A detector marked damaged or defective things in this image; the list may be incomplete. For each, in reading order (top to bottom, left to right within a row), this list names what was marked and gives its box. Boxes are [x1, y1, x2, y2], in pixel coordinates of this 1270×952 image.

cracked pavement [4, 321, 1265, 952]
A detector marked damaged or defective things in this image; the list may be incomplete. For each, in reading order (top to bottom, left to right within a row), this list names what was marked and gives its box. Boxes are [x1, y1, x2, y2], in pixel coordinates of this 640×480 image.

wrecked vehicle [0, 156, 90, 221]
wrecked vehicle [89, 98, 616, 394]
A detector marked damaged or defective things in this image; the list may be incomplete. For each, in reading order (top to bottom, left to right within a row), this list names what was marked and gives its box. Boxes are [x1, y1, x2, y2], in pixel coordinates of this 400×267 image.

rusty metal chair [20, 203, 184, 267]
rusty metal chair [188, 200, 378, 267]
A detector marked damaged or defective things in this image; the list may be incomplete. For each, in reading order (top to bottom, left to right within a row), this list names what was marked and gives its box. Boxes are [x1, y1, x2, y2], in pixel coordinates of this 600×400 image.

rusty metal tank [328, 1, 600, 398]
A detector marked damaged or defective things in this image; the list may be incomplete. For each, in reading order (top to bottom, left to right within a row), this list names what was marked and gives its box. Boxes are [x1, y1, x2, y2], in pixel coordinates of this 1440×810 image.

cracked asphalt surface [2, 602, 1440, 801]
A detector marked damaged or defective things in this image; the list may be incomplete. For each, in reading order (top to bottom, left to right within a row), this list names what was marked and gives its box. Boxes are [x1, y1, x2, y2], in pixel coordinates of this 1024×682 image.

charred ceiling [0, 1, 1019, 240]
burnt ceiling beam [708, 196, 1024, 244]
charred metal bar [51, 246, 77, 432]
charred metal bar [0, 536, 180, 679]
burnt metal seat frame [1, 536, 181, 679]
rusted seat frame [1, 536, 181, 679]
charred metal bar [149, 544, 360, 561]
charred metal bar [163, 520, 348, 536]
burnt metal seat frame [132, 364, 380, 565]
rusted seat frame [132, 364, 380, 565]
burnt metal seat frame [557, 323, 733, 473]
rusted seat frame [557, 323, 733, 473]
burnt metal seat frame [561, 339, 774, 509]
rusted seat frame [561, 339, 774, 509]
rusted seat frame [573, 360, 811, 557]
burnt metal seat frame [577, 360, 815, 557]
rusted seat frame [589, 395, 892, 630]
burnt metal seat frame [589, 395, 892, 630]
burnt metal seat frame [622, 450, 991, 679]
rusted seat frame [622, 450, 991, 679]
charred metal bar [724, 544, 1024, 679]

◆ **REQUIREMENT**
Output nothing but the lines from the one containing "this 1440×810 image." to the end of the listing, both of those included, exactly as given.

◆ **PROBLEM SOLUTION**
A detector marked damaged or defective things in this image; the list may be incomplete. For each, in reading order (top to bottom, left to right within a row), this list names what was marked and gives its box. Boxes are [x1, y1, x2, y2], in pixel coordinates of this 1440×810 image.

cracked asphalt surface [2, 602, 1440, 801]
A detector marked damaged or defective things in this image; the list may be incomplete. For each, in reading order (top to bottom, left to right within a row), this list names what was marked and gives its box. Boxes are [x1, y1, x2, y2], in pixel coordinates of this 1024×682 image.

charred ceiling [0, 1, 1019, 240]
burnt ceiling beam [708, 196, 1024, 244]
charred metal bar [51, 246, 77, 432]
charred metal bar [0, 536, 180, 679]
burnt metal seat frame [1, 536, 181, 679]
rusted seat frame [1, 536, 181, 679]
charred metal bar [149, 544, 360, 561]
charred metal bar [163, 520, 348, 536]
burnt metal seat frame [132, 364, 380, 565]
rusted seat frame [132, 364, 380, 565]
burnt metal seat frame [557, 323, 733, 473]
rusted seat frame [557, 323, 733, 473]
burnt metal seat frame [561, 339, 774, 509]
rusted seat frame [561, 339, 774, 509]
rusted seat frame [573, 360, 811, 557]
burnt metal seat frame [577, 360, 815, 557]
rusted seat frame [589, 395, 892, 630]
burnt metal seat frame [589, 395, 892, 630]
burnt metal seat frame [622, 450, 991, 679]
rusted seat frame [622, 450, 991, 679]
charred metal bar [724, 544, 1024, 679]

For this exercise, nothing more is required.